Nothing but the lines from the one containing "EMZJ 200*180*1 cm" through the last line of the records belongs in the answer, copied exactly and with the pictures left out.
------ RECORD SET ------
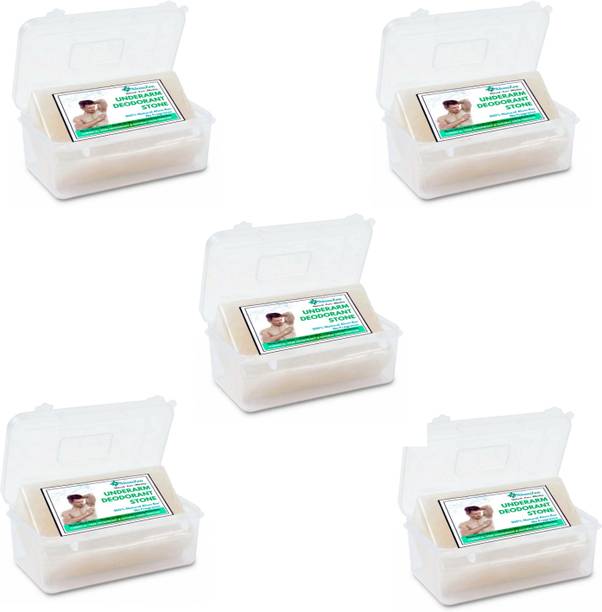 Alumzen After Shave Block Natural Potassium Alum (Fitkari) | No Fragrance Pack of 5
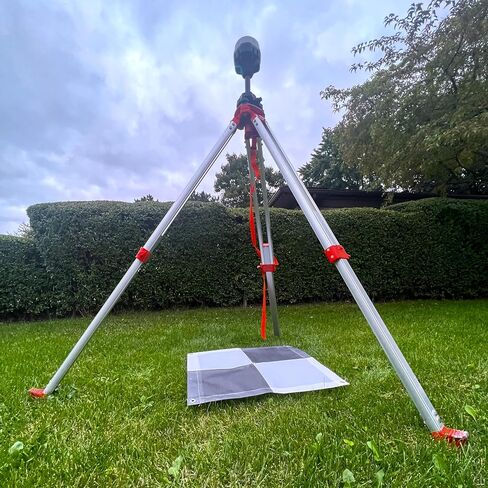 GeoGear 6 Pack (24 بوصة × 24 بوصة) نقطة التحكم الأرضية بدون طيار GCP - هدف الطائرات بدون طيار بدون طيار لرسم الخرائط الجوية والمسح | مدقق جروميت أسود/أبيض | Pix4D و DroneDeploy | مرئية من مسافة 400 قدم in Saudi Arabia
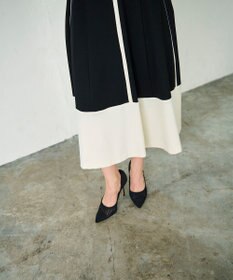 配色ポンチフレアワンピース / GRACE CONTINENTAL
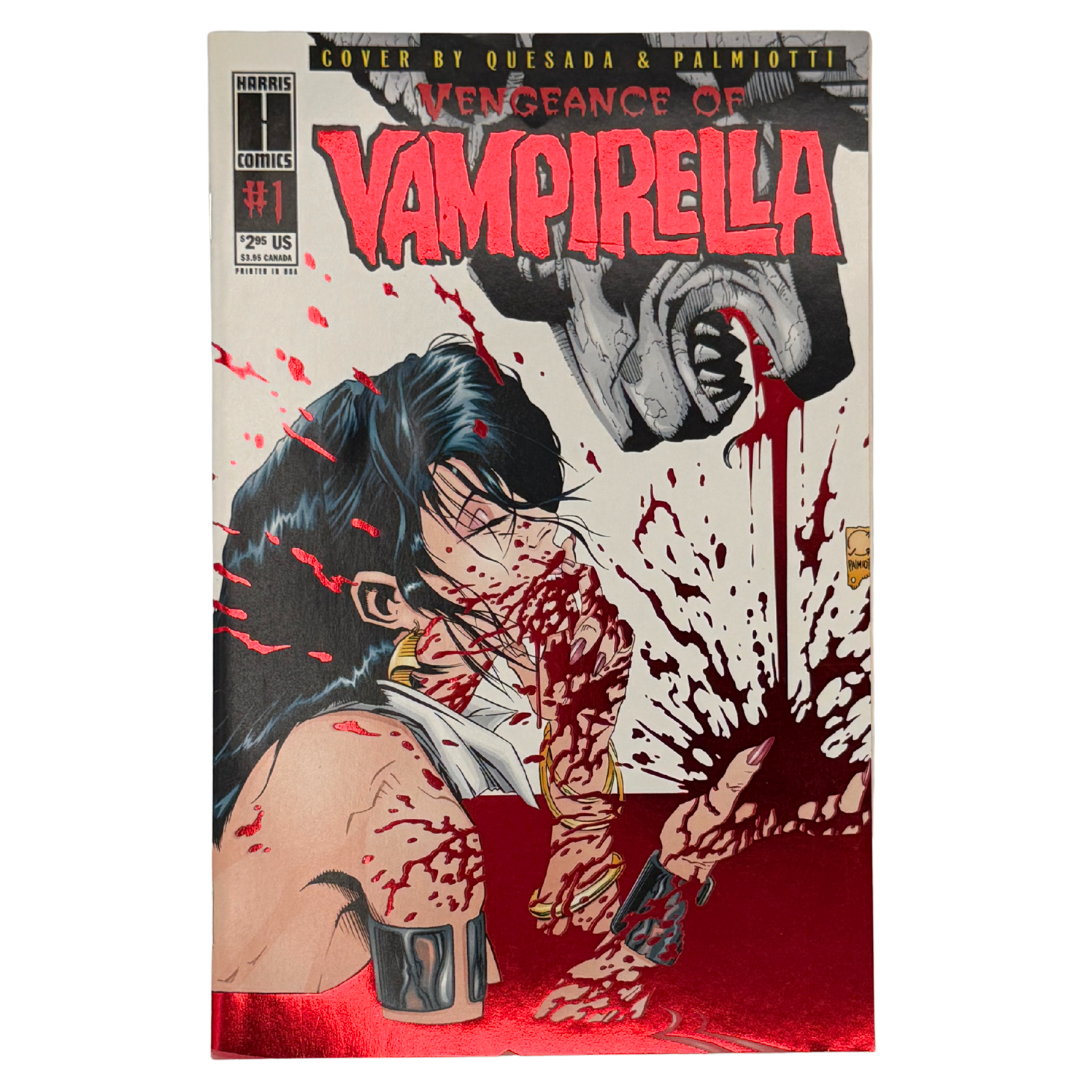 Vengeance of Vampirella #1 – VF/NM – Red Foil Wraparound – Quesada Cover – 1st Print (Harris Comics, 1994)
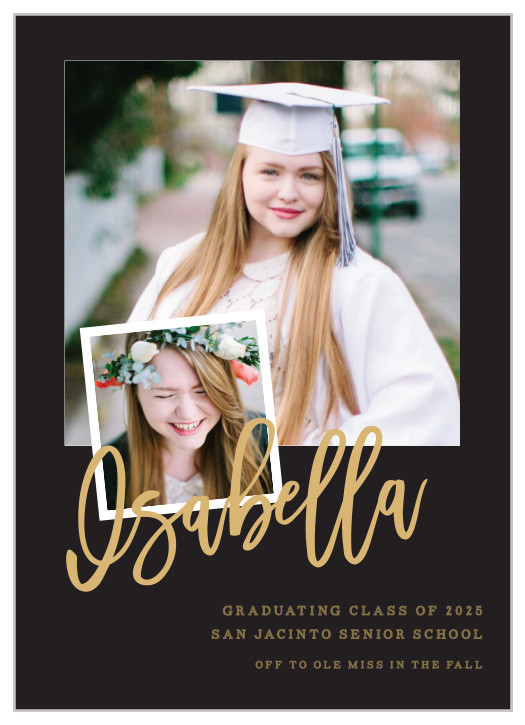 The Memorable Photo Overlay Graduation Announcement is all about you.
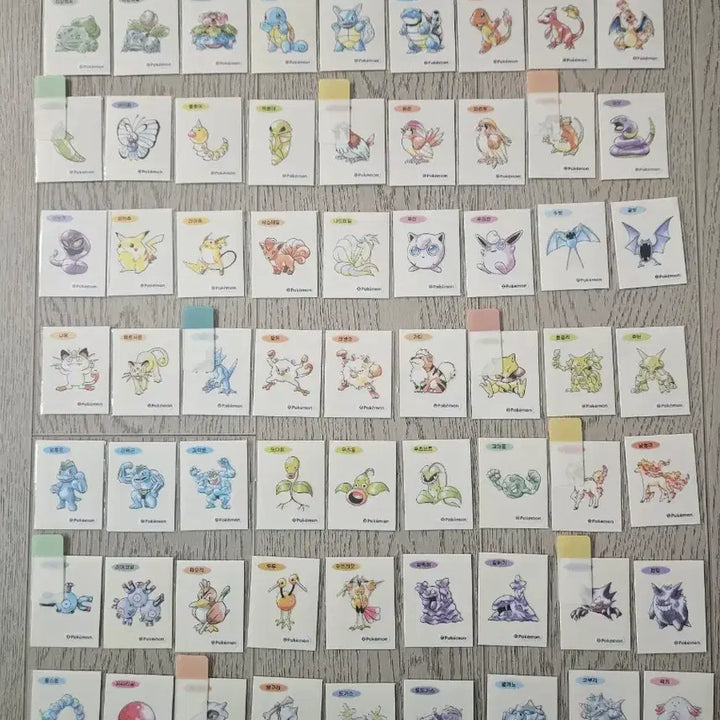 [BUNJANG] Artwork 84 Types Ttibusseal + Sealed Bulbasaur Ttibusseal Book / 아트워크 띠부씰 84종 + (미개봉)이상해꽃 띠부씰북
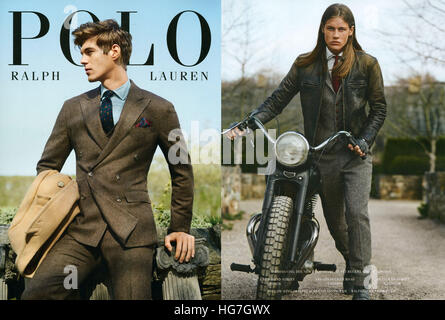 2010er Jahre UK Ralph Lauren Magazin Anzeige Stockfoto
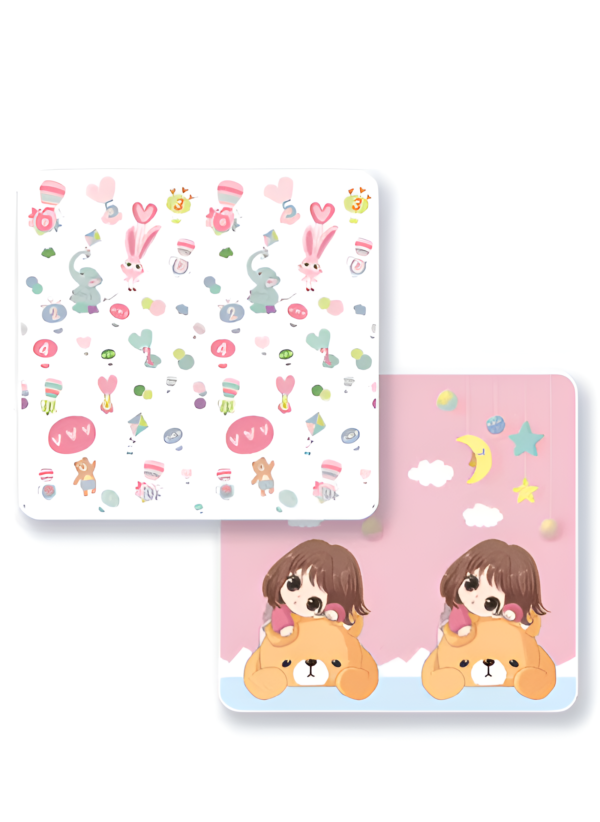EMZJ 200*180*1 cm Baby Crawling Play Floormat Foam Non Toxic Foldable Reversible Playing Mat - Animal Voyages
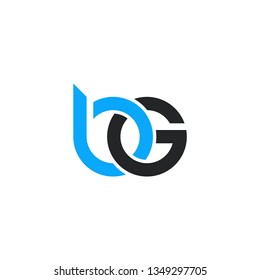 Round circle letter logo vector image
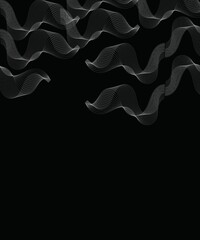abstract black background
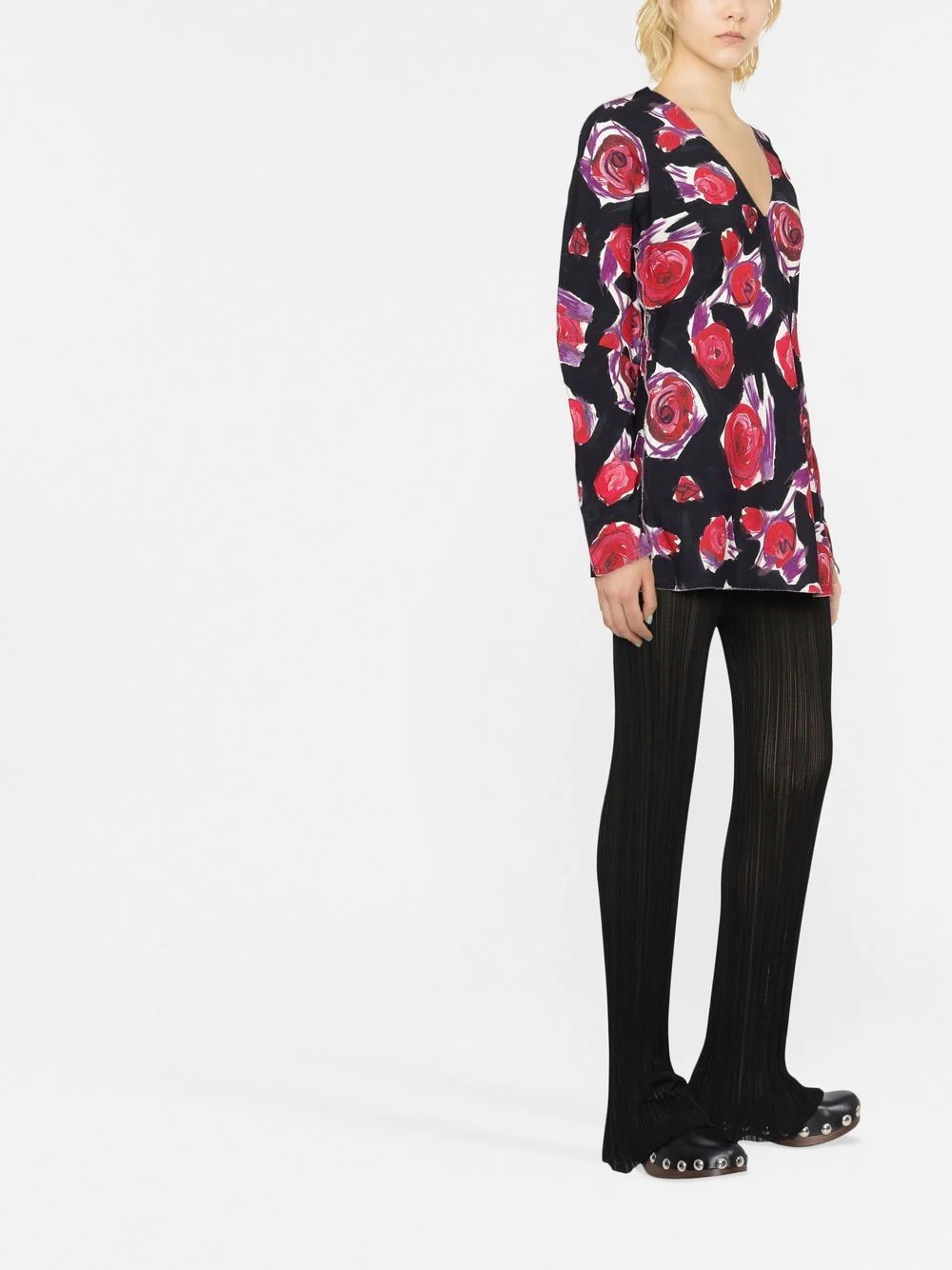 rose print top - 3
------
## OUTPUT FOR THIS EXERCISE:
EMZJ 200*180*1 cm Baby Crawling Play Floormat Foam Non Toxic Foldable Reversible Playing Mat - Animal Voyages
 Round circle letter logo vector image
abstract black background
 rose print top - 3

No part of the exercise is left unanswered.